Bu bir devrimdir ve devrim devam edecek. Türkiye, devrimin öncülerine, hizmetkarlarına, kendileriyle omuz omuza olduğu için sahip çıkıyor, destek veriyor. Bunun bir siyasi parti mücadelesinin çok ötesinde kodları olduğunu biliyor. Devrimi durdurmak için öyle çirkin yöntemler deneniyor ki, okyanus ötesi, kıtalar arası, başkentler arası talimatlar uçuşuyor.
Demokrasi alanında mücadele edenlerin meşruiyet çizgisi işte bu talimatlar yüzünden belirsizleşti. Seçim öncesi darbe girişimleriyle, sokak terörüyle bu yüzden ortaklık kurdular. İnsanları darağaçlarında sallandırma planları bile yaptılar. Ülkenin bugüne gelmesinde emeği olan herkesi bir şekilde tasfiye etme, yok etme planları yaptılar.
Seçim için bile terör ortaklığı
Aynı çevreler, seçim kampanyalarında sıcak mesajlar verirken, bol vaatler savururken, bir yandan da terör örgütleriyle ortaklıklarını devam ettiriyorlar. Gezi isyanında DHKP-C'yi sokağa sürenler, 17 Aralık'ta aynı örgütle kucak kucağa iş pişirenler bugün de bu ortaklıklarını devam ettiriyor. Adana ve Mersin'deki bombalı saldırıyı nasıl istismar ettiklerini gördünüz. Bir bakıyorsunuz ki, arkasından aynı örgüt çıkıyor. Birkaç ay boyunca bunu nasıl IŞİD saldırısı olarak gösterebiliriz hesapları yapmışlar.
Terörle tanıdık halleri, ortaklıkları üzerinden seçime hazırlanan eski Türkiye'nin kadrolarının siyasi ahlak anlayışının bugünün Türkiye'sinde alıcı bulması ve onu iktidara taşıması mümkün değil. On yıl öncesinde, yirmi yıl geride kalmış bu alışkanlıklar yüzünden ülkenin tamamına gidemiyorlar bile. Bu haldeki siyasi kadroların buradan iktidar devşirmeleri mümkün mü?

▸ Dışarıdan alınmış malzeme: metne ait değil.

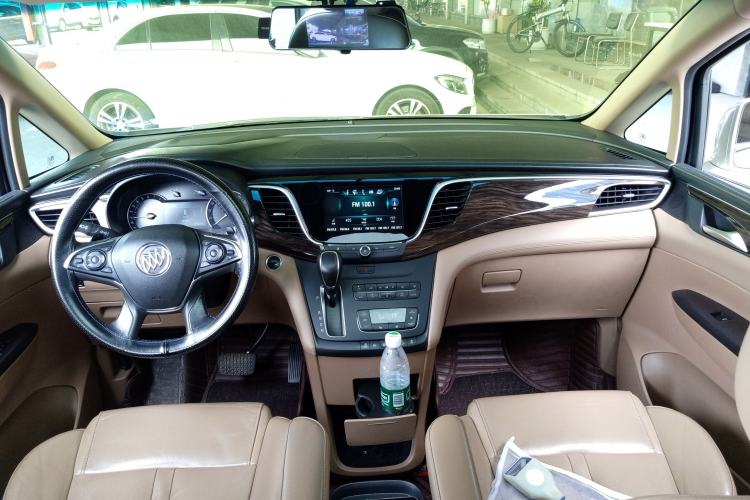 Used Buick GL8 2017 ES 28T Premium Version China V Standard Center Console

Tek “Derebeyi” Aydın Doğan değil
Bu millet bir daha asla “Derebeylik Dönemi”ne dönmeyecek. Devlet iktidarını paylaşıp ülkeyi kendi şirketleri için çiftliğe döndüren “Derebeyleri”ne izin vermeyecek. Bunlardan sadece biri Aydın Doğan ve verdiği kavgayı, rolünü görüyorsunuz. Onu öne atıp arkasında gizlenen, destek veren başka derebeyleri de var. Onlar Aydın Doğan'ı bir “intihar bombacısı” gibi cepheye sürdüler. Ülkeyi yeniden Baasçılık dönemlerine götürüp paylaşmaya ayarlı bir kavga yürütüyorlar.
Bu aşamadan sonra Türkiye'nin yaşayacağı iktidar parçalanması ülkenin parçalanması olacaktır. Milleti sadece sandık motifi olarak kullanan eski günlere dönüş, bu ülkenin bir daha birarada olamayacağı anlamına gelmektedir. Artık coğrafyada şartlar olgunlaşmış, Türkiye'nin bile parçalanmasını hazmedecek kaos bölgeselleşmiştir. Bu yüzden bütün ülkeyi kucaklayacak bir ortaklık dışındaki her seçenek kabustur.
Anadolu üçüncü kez tarih değiştiriyor
Haçlı Seferleri'ne direnen, Moğol İstilası'nın izlerini silen bu millet, Son İstiklal Savaşı'nın da üçüncü büyük şok olan Birinci Dünya Savaşı'nın izlerini silmek olduğunu, 20. yüzyıl vesayet çağının defterini dürmek olduğunu, Üçüncü büyük yükseliş dönemi olduğunu pekala öğrenmiştir.
Artık o derebeylerin, onların yönetimindeki siyasi çevrelerin, hepsinden öte kendilerine ihale verenlerin projelerine karnımız toktur. Türkiye'yi Mısır yapma, Ukrayna yapma projeleri nasıl çökmüşse, servise sundukları son projeleri de çökecektir.
Tarihin akışı değişmiştir, bunu yeniden tersine çevirmek onlar için bile en az yüz yıl alacaktır. Oysa geri dönülmez sınırı geçmek için bu ülkeye çok az bir zaman lazımdır. İşte bu yüzden İstiklal savaşının son birkaç cephesi kalmıştır. Türkiye'nin karşısındaki cephede yer alanlar, bu büyük yürüyüşe savaş açanlar işte o zaman yok olup gideceklerdir.
Hesaplaşma, işte bu yüzden çok büyüktür, tarih değiştirecek ölçektedir.